Energy efficiency has also been a high priority for our industry. Through such technologies as combined heat and power, refiners are becoming more efficient, reducing both energy use and emissions. In fact, in 2006 alone, U.S. refiners saved the energy equivalent of taking more than half-a-million vehicles off the road.

Our industry is committed to continuing to meet the energy needs of U.S. consumers. We hope that the changes in public attitudes about energy this year will bring about a more favorable climate in Washington and help remove obstacles to increased domestic energy development.

Offshore drilling provides dramatic evidence of how public attitudes have changed on energy. In poll after poll, in state after state – even in traditionally anti-drilling states like Florida and Massachusetts – people support removing obstacles to offshore development. The message couldn’t be much louder: people want change in our energy approach and they want it now.

This change in public attitudes has already had an impact in Washington. Congress lifted Outer Continental Shelf leasing moratoria on the east and west coasts of the lower 48 states for the first time in more than two decades. Unfortunately, some in Congress still don’t get it and are already threatening to re-impose the moratoria. Exit polling in last week’s election reaffirmed the strong public support for OCS development: 68 percent of voters favored offshore drilling where it is not currently allowed. Nevertheless, industry critics tried to spin the election results as a repudiation of OCS development.  

The financial crisis makes action on offshore drilling more urgent than ever. If we want to strengthen the U.S. economy, create jobs, and enhance U.S. global competitiveness, bolstering U.S. energy development is one important way to do it. According to the latest available data, the oil and natural gas industry supports 5.9 million jobs – 1.8 million people directly employed by the industry, with more than 4 million indirect jobs. Expanded access creates even more job opportunities – and many of these jobs pay more than double the national average.  

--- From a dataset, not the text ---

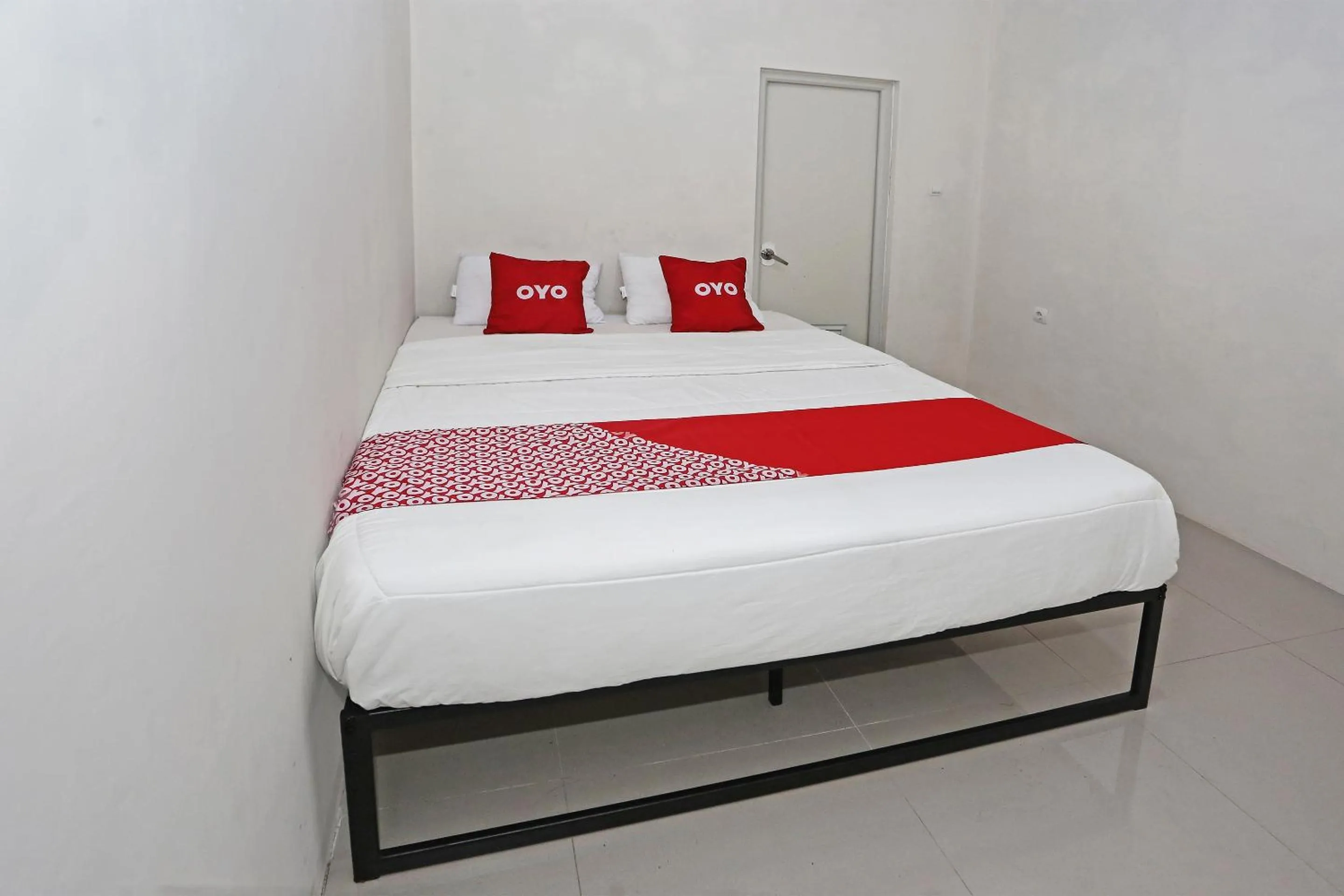 Bedroom, Bed in Hotel O Tjokro 3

In addition, oil and natural gas development on federal lands, both onshore and offshore, means more revenue for the U.S. Treasury – helping pay for vital programs and reducing pressure on U.S. taxpayers. Oil and natural gas leasing and development has generated more than $200 billion since 1953 through bonus bids, royalties and lease rental payments. The U.S. government received $3.7 billion from company bids in a single Gulf of Mexico lease sale this past March. Gross estimated royalties from all oil and natural gas resources estimated to be on federal lands could be $880 billion over the life of the resources. In addition to royalties, continued leasing of federal lands at the current rates could bring in hundreds of billions of dollars in additional revenues – in bonuses, rentals, severance taxes, corporate income taxes, and property taxes – over the next 50 years, based on recent leasing trends. 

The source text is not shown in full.